A History of the Future that Never Was, but Should Have Been

interkosmos_posterThis past week I had the opportunity to watch the 2006 fake documentary Interkosmos, part of  Jim Finn’s “Communist Trilogy”. How could one not be taken with the idea of a GDR-sponsored cosmonaut program that got buried when the spaceships went missing? Even better, the female cosmonaut’s codename was “Seagull,” the same codename of the first woman in space, Valentina Tereshkova. Tereshkova made it back to Earth and the USSR in 1963, but Interkosmos and its many allusions to the (lack of a) woman’s space program were uncomfortably close to being accurate. After being hailed by Khrushchev as his daughter and proof that socialism was the only system in which women and men had equality, Tereshkova lived to see the USSR’s women’s space program dismantled and her own role changed to being a spokesperson for the destined role of women as mothers and wives. The U.S. did not even bother competing with the Soviet Union on that space race metric.

Fake documentaries call into question the definition of a documentary, authenticity, fake, mocumentary…. the list grows. In the end, I saw Finn’s work as an extension of the German cabaret tradition, or perhaps the medieval court jester, in which the “fool” makes the rest of us laugh with his silliness.
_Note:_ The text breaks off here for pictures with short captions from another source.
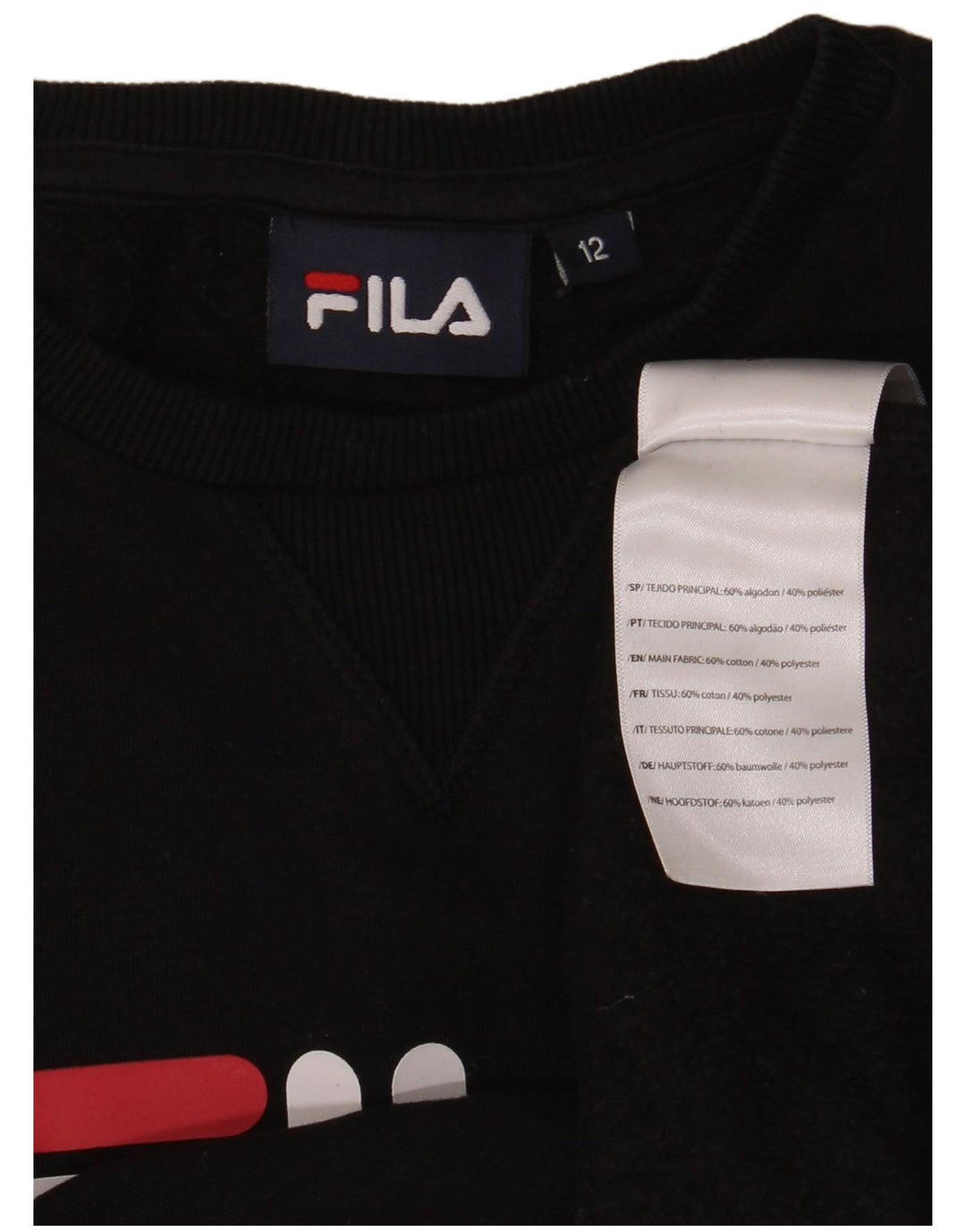 Fila Boys Graphic Φούτερ Jumper 11-12 ετών Μαύρο Βαμβακερό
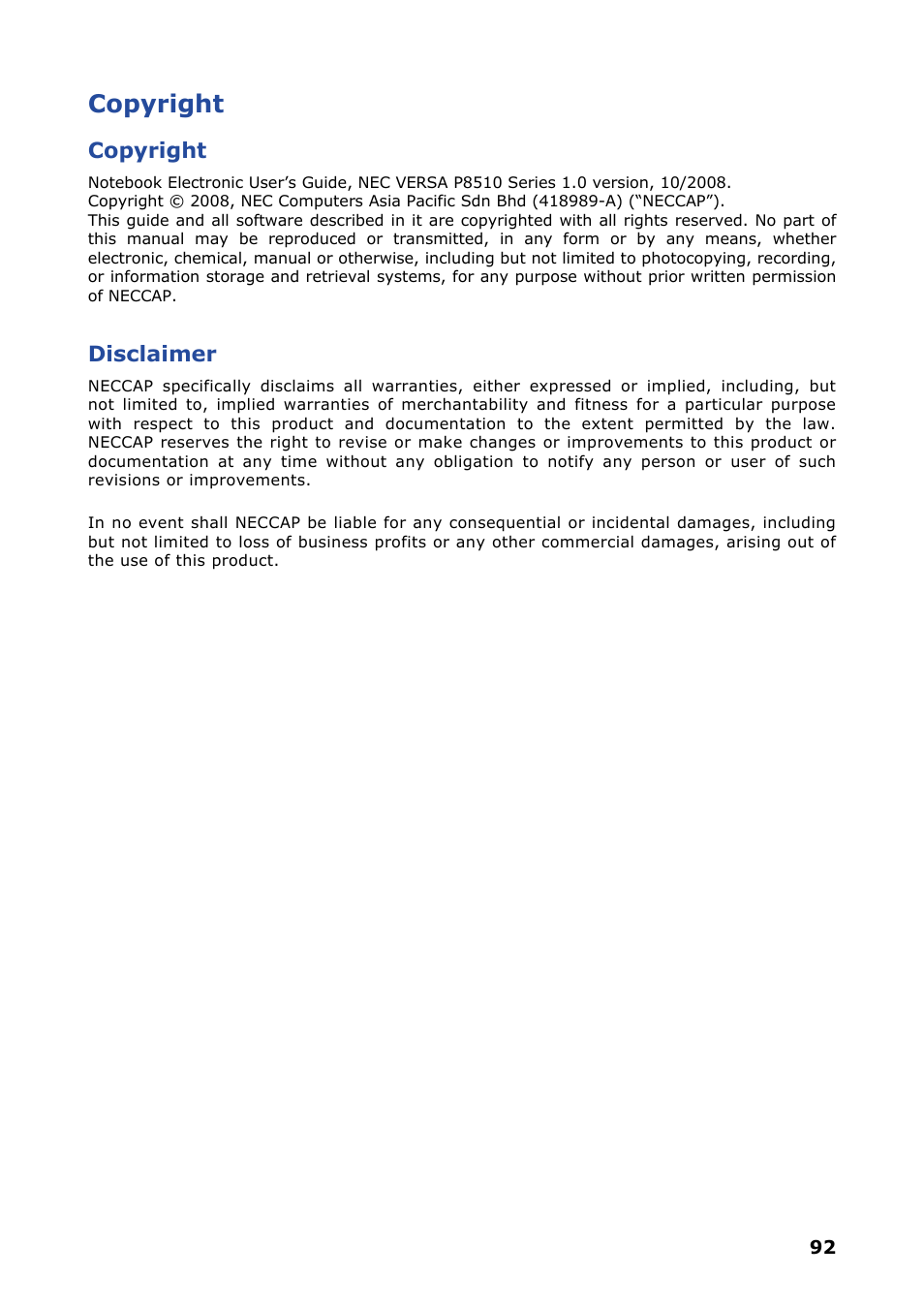 Copyright, Disclaimer | NEC VERSA P8510 User Manual | Page 92 / 94
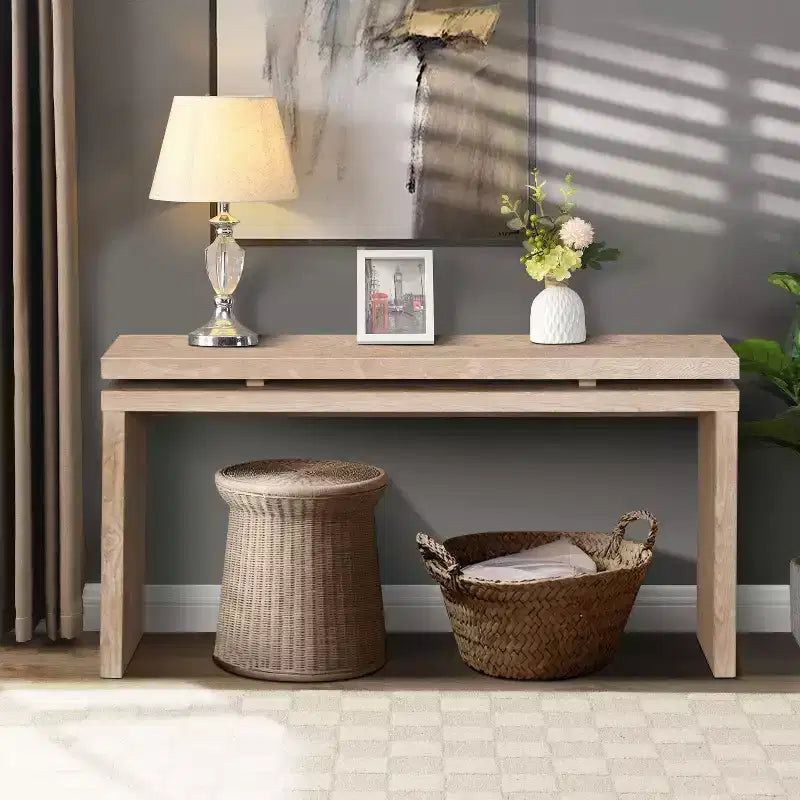 Okak 60IN Farmhouse Console Table with Thick Tabletop, Entryway Table with Double Board Suspension Design, Hallway Table for Lving Room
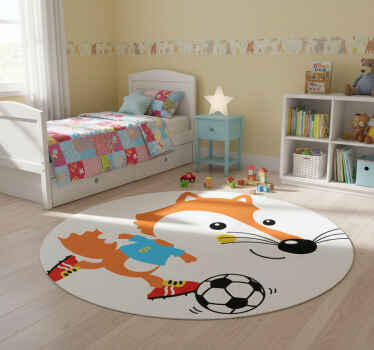 Vinyl teppich tiere mit verspielter fuchsfigur - TenStickers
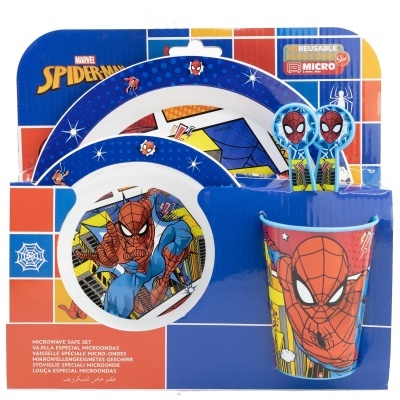 Conjunto de loiça reutilizável Homem-Aranha com prato, taça e copo em plástico colorido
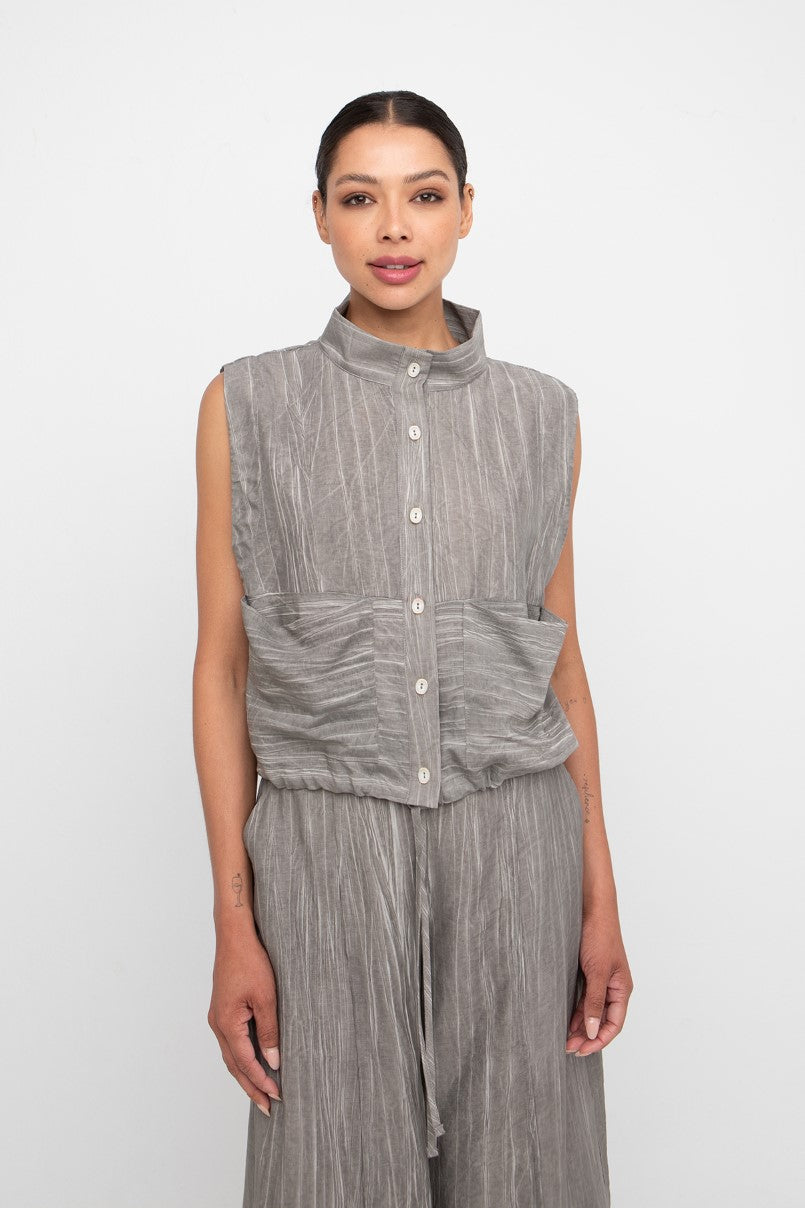 Shop Ozai n Ku Taupe Sleeveless Shirt - 860924 | Vanity Fair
But the entire point of being a court jester is to undertake a balancing act of making the court (or the film audience) realize that the fool has told us an uncomfortable truth, without resulting in the death of the messenger. As we laughed at Finn’s imaginary “Seagull,” we also were lamenting her only possibility of resurrection – as a fictitious character on the Big Screen. Tereshkova, after all, had hoped to go to space once again, even as an elderly woman, but was never a serious candidate for any country’s space program. Therein lies one truth of Interkosmos: Seagull was as much a figure of the public imagination as was a film caricature.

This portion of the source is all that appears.